▶ **Material provided**
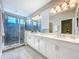 Elegant bathroom featuring dual sinks, marble countertops, and a glass-enclosed shower with tiled walls at 29197 Perilli Pl, Wesley Chapel, FL 33543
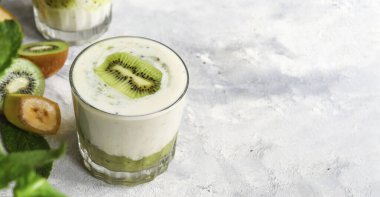 Bardakta kivi ve yoğurt. Meyve ve meyve püresi. Kivi ve muzlu milkshake. Sağlıklı beslenme. Hafif arkaplan. Boşluğu kopyala.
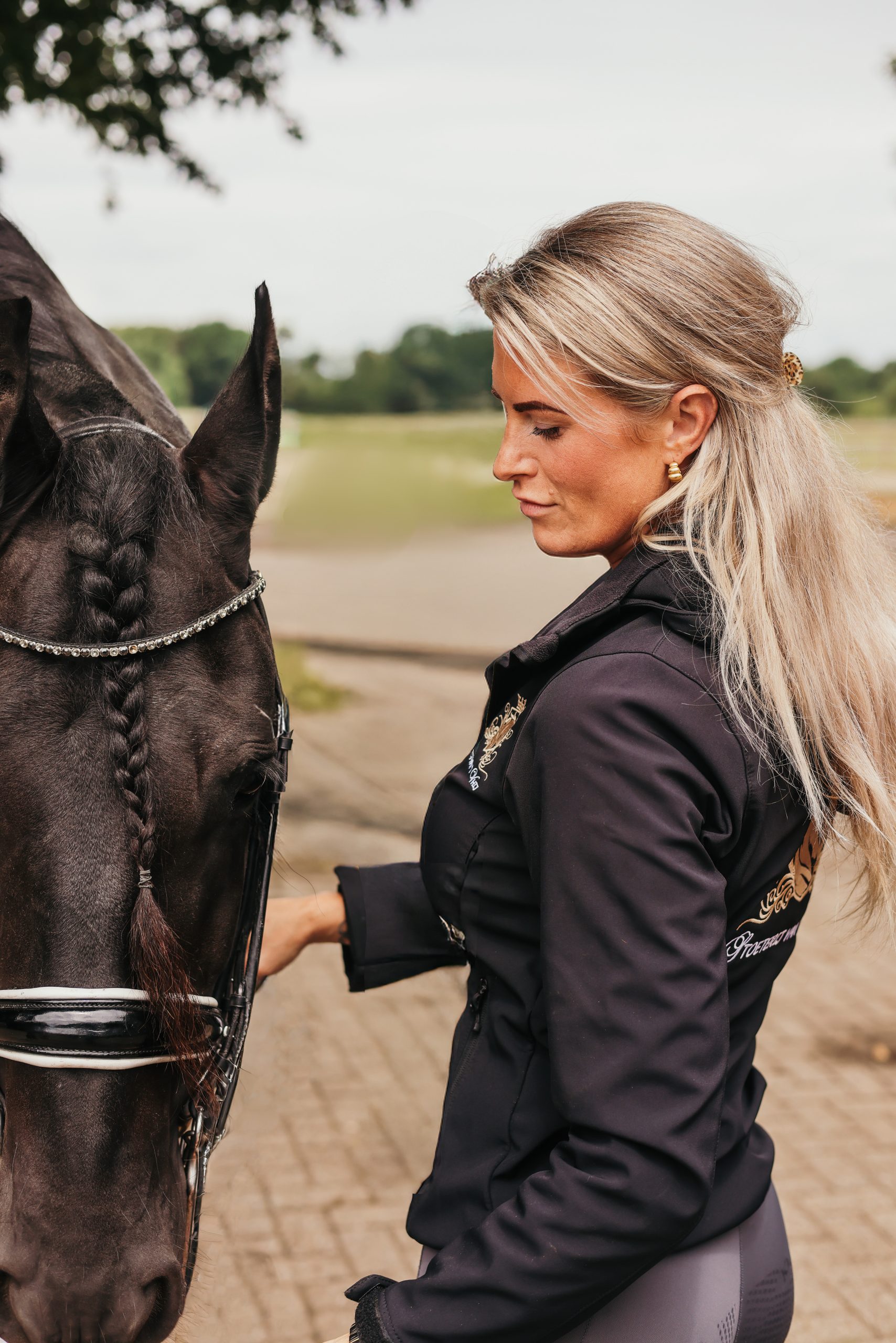 Vrouw met lang blond haar in paardrijkleding staat naast een zwart paard met gevlochten manen en hoofdstel, op een erf met weiland op de achtergrond.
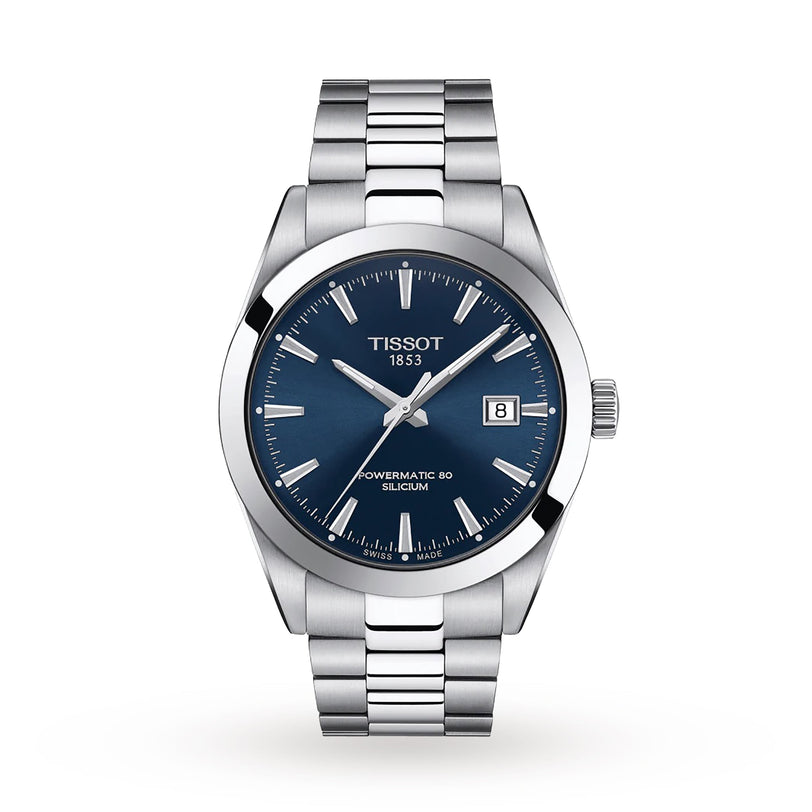 The Tissot Gentleman Powermatic 80 Silicium is a silver wristwatch with a blue dial, silver hour markers, date window at 3 o’clock, and a stainless steel case and bracelet.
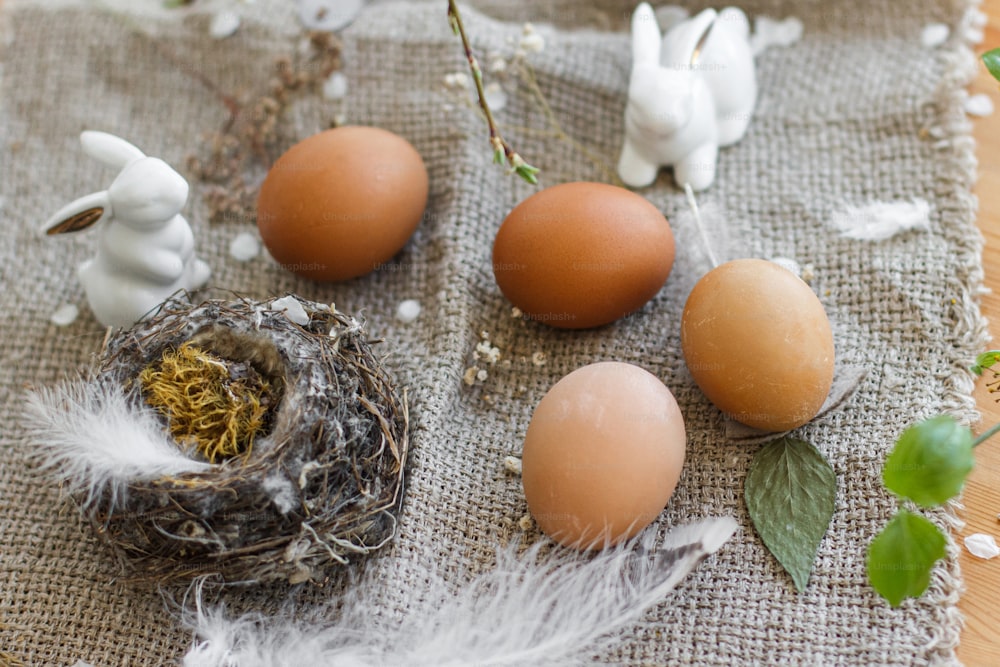 Huevos de Pascua naturales, conejitos blancos, plumas, nido y rama de cerezo en flor con pétalos en servilleta de lino rústico sobre mesa. Felices Pascuas. Espacio para el texto. Decoración respetuosa con el medio ambiente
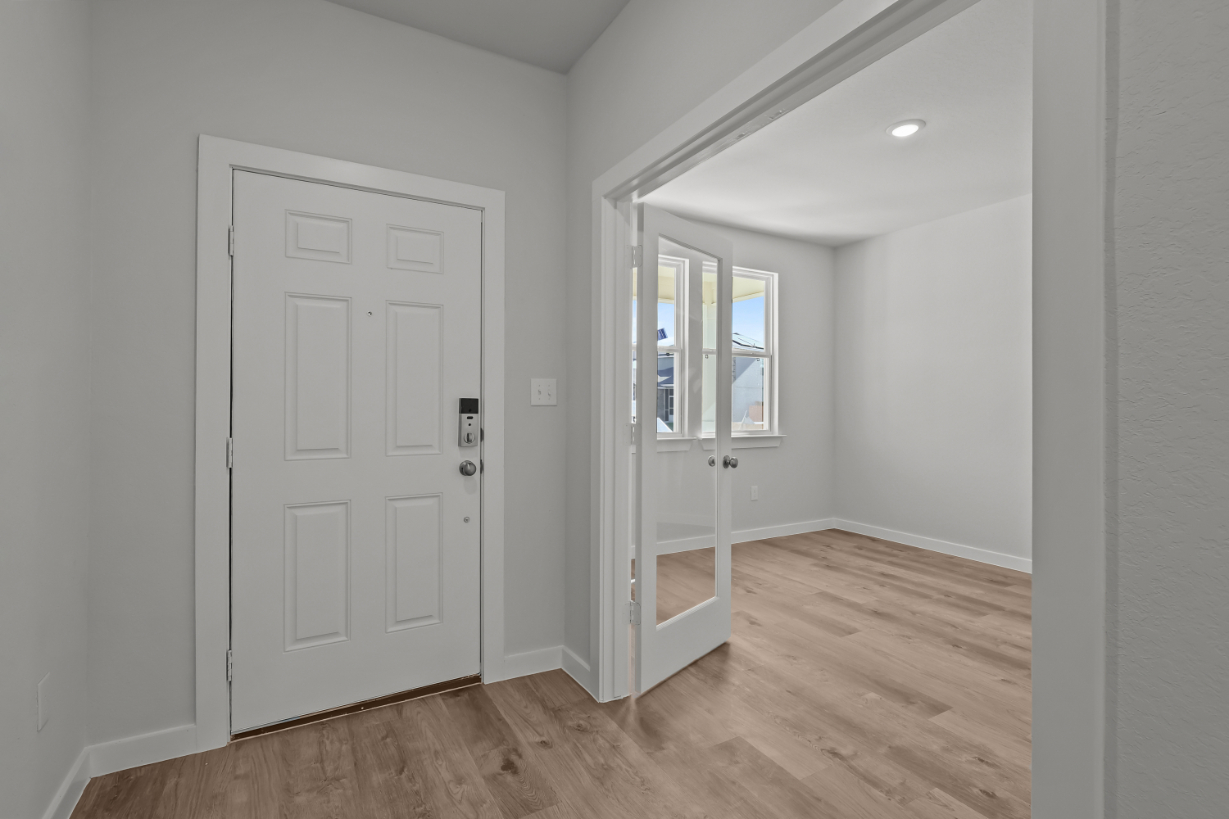 A room with white doors.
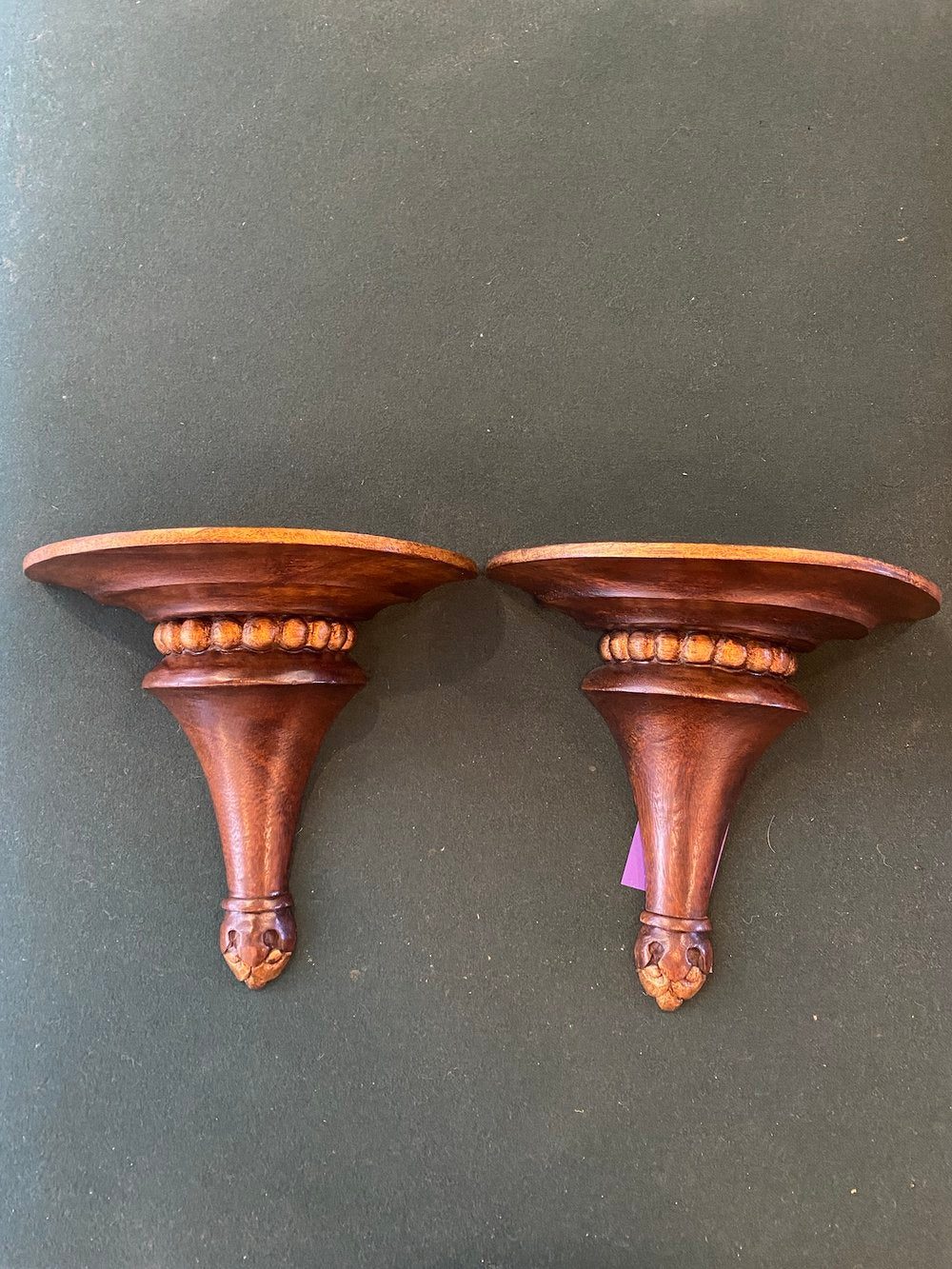 PAIR OF ANTIQUE MAHOGANY WALL BRACKETS WITH GILDED DETAILS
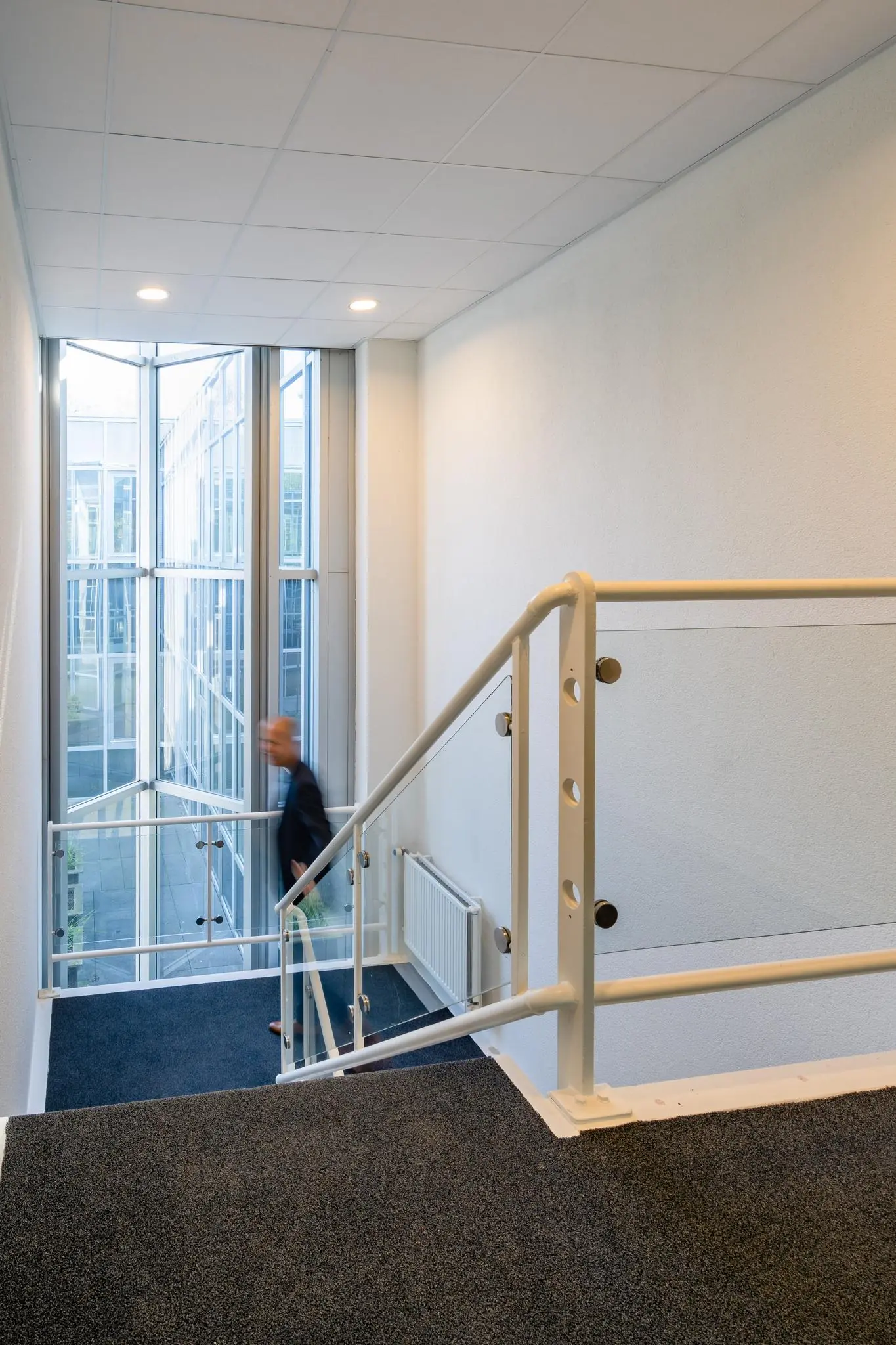 Een man loopt een trappenhuis op in een modern kantoorpand aan de Utrechtseweg met grote glazen ramen.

▶ **Task directions**
Transcribe every line from the one containing "PAIR OF ANTIQUE" to the end of the listing, exactly and exclusively. Do not carry any picture over.

▶ **Answer for this exercise**
 PAIR OF ANTIQUE MAHOGANY WALL BRACKETS WITH GILDED DETAILS
 Een man loopt een trappenhuis op in een modern kantoorpand aan de Utrechtseweg met grote glazen ramen.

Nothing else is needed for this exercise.